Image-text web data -

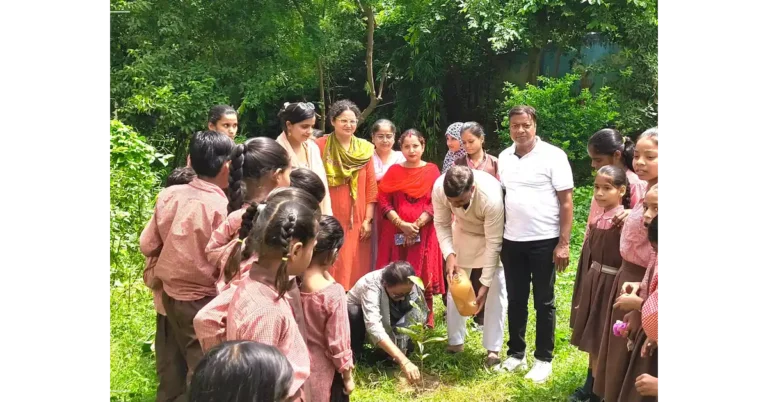 Agra Breaking: 40 वर्षों की सेवा के बाद शिक्षिका समीना बेगम की भावुक विदाई, सेवानिवृत्ति पर विद्यालय में किया पौधारोपण आगरा न्यूज, Agra News, समीना बेगम, शिक्षिका समीना बेगम, कंपोजिट विद्यालय नाई की मंडी, नाई की मंडी आगरा, शिक्षिका सेवानिवृत्ति, शिक्षक सम्मान समारोह, विद्यालय विदाई समारोह, पौधारोपण अभियान, पर्यावरण संरक्षण, आगरा शिक्षा समाचार, बेसिक शिक्षा विभाग, सरकारी विद्यालय आगरा, शिक्षक सम्मान, प्रेरणादायी समाचार, शिक्षा प्रेरणा, विद्यालय कार्यक्रम, 40 वर्ष की सेवा, स्वैच्छिक सेवानिवृत्ति, कर्ण सिंह धाकड़, श्रीराम धाकड़, सरकारी स्कूल न्यूज, Agra Education News, Teacher Retirement News, Tree Plantation News, School News Hindi, Google Discover Hindi News, Google News Hindi, हिंदी दैनिक समाचार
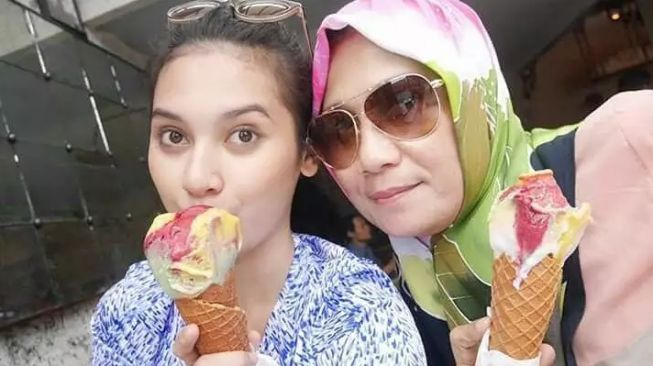 Potret Kebersamaan Indah Permatasari dan Ibunda (Instagram/flower_iranayapenda08)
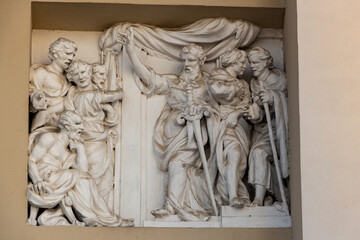 Figuren an der St. Stanislaus Kathedrale, Vilnius, Litauen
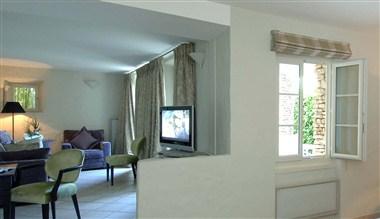 Le Mas Des Herbes Blanches à Avignon, FR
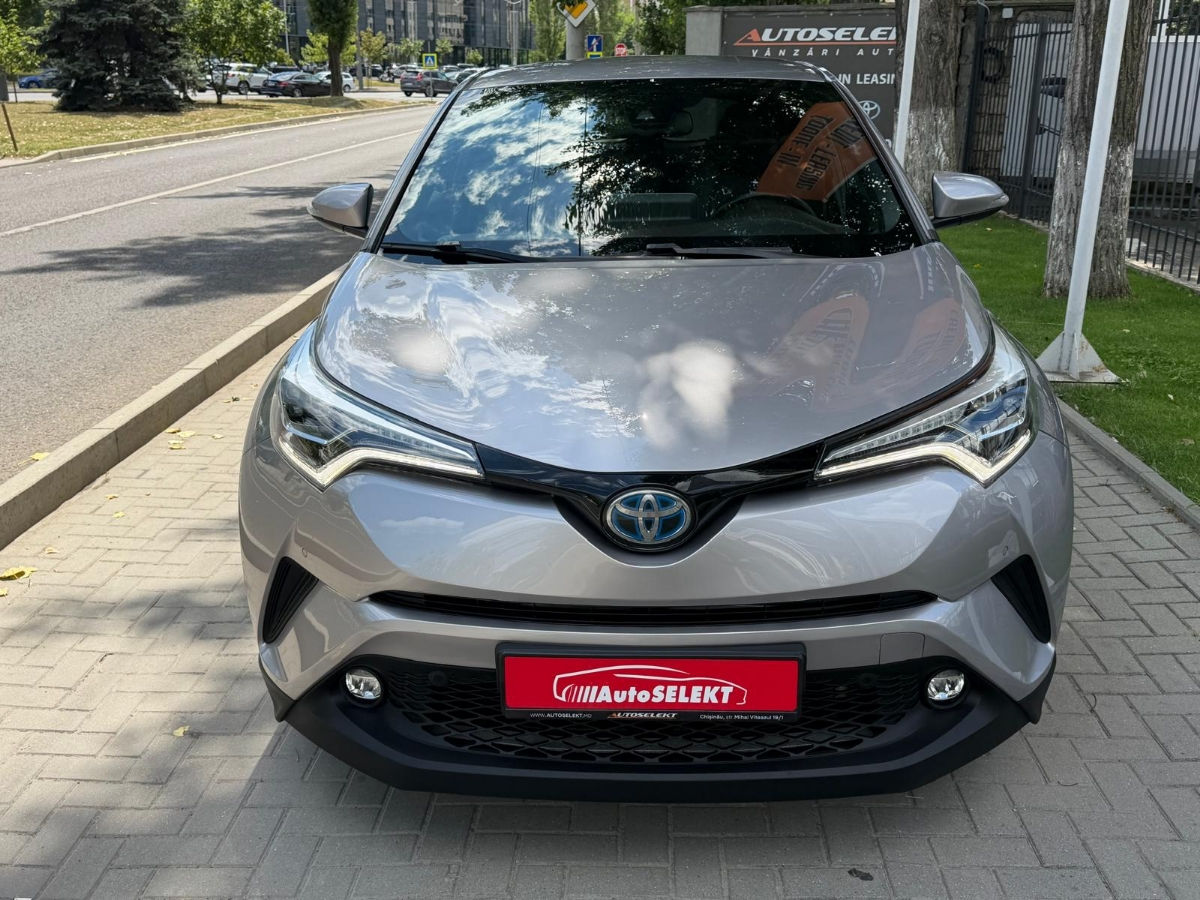 Toyota C-HR 2019 photo 2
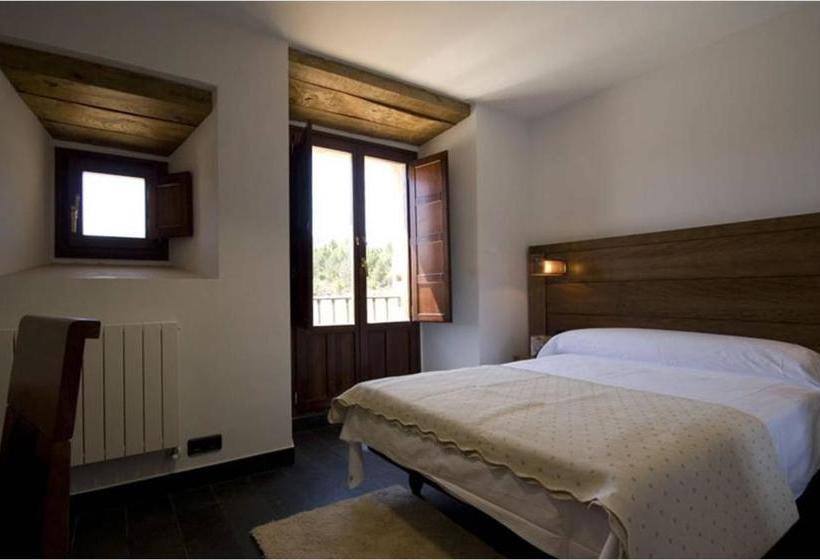 بنسيون Posada Real Convento San Francisco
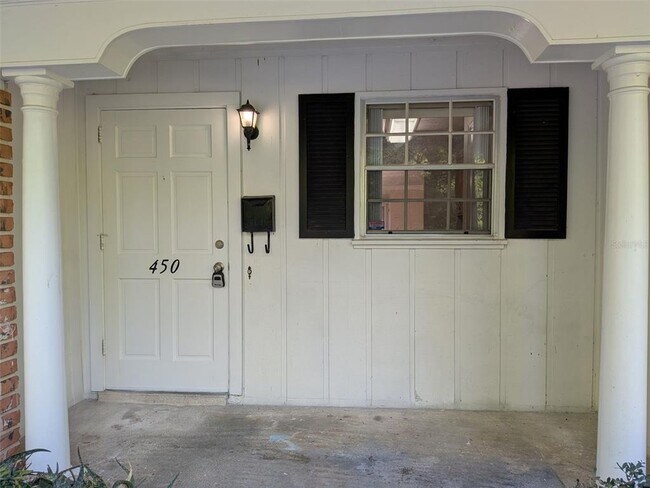 Foto del edificio - 450 Cherrywood Gardens Dr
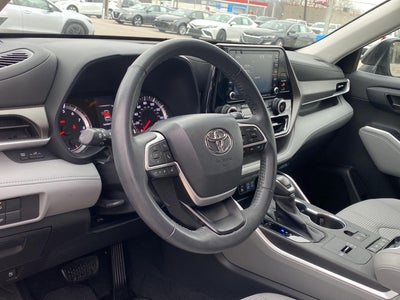 2022 Toyota Highlander LE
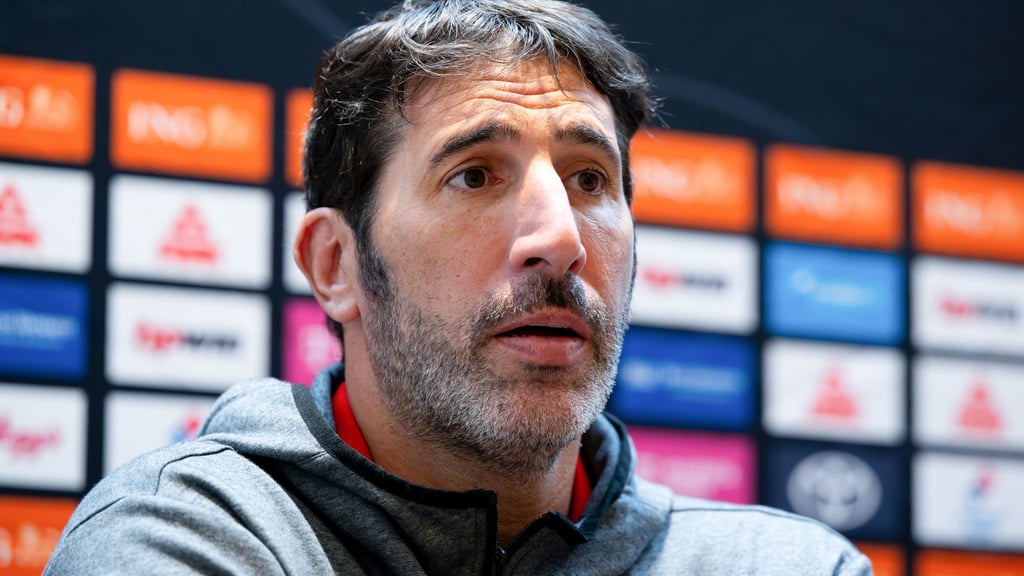 Bundestrainer Mumbru streicht den ersten Basketballer.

Task goal - Pictures aside, repeat every entry exactly as written.

Your solution -
 Agra Breaking: 40 वर्षों की सेवा के बाद शिक्षिका समीना बेगम की भावुक विदाई, सेवानिवृत्ति पर विद्यालय में किया पौधारोपण आगरा न्यूज, Agra News, समीना बेगम, शिक्षिका समीना बेगम, कंपोजिट विद्यालय नाई की मंडी, नाई की मंडी आगरा, शिक्षिका सेवानिवृत्ति, शिक्षक सम्मान समारोह, विद्यालय विदाई समारोह, पौधारोपण अभियान, पर्यावरण संरक्षण, आगरा शिक्षा समाचार, बेसिक शिक्षा विभाग, सरकारी विद्यालय आगरा, शिक्षक सम्मान, प्रेरणादायी समाचार, शिक्षा प्रेरणा, विद्यालय कार्यक्रम, 40 वर्ष की सेवा, स्वैच्छिक सेवानिवृत्ति, कर्ण सिंह धाकड़, श्रीराम धाकड़, सरकारी स्कूल न्यूज, Agra Education News, Teacher Retirement News, Tree Plantation News, School News Hindi, Google Discover Hindi News, Google News Hindi, हिंदी दैनिक समाचार
 Potret Kebersamaan Indah Permatasari dan Ibunda (Instagram/flower_iranayapenda08)
 Figuren an der St. Stanislaus Kathedrale, Vilnius, Litauen
 Le Mas Des Herbes Blanches à Avignon, FR
 Toyota C-HR 2019 photo 2
 بنسيون Posada Real Convento San Francisco
 Foto del edificio - 450 Cherrywood Gardens Dr
 2022 Toyota Highlander LE
 Bundestrainer Mumbru streicht den ersten Basketballer.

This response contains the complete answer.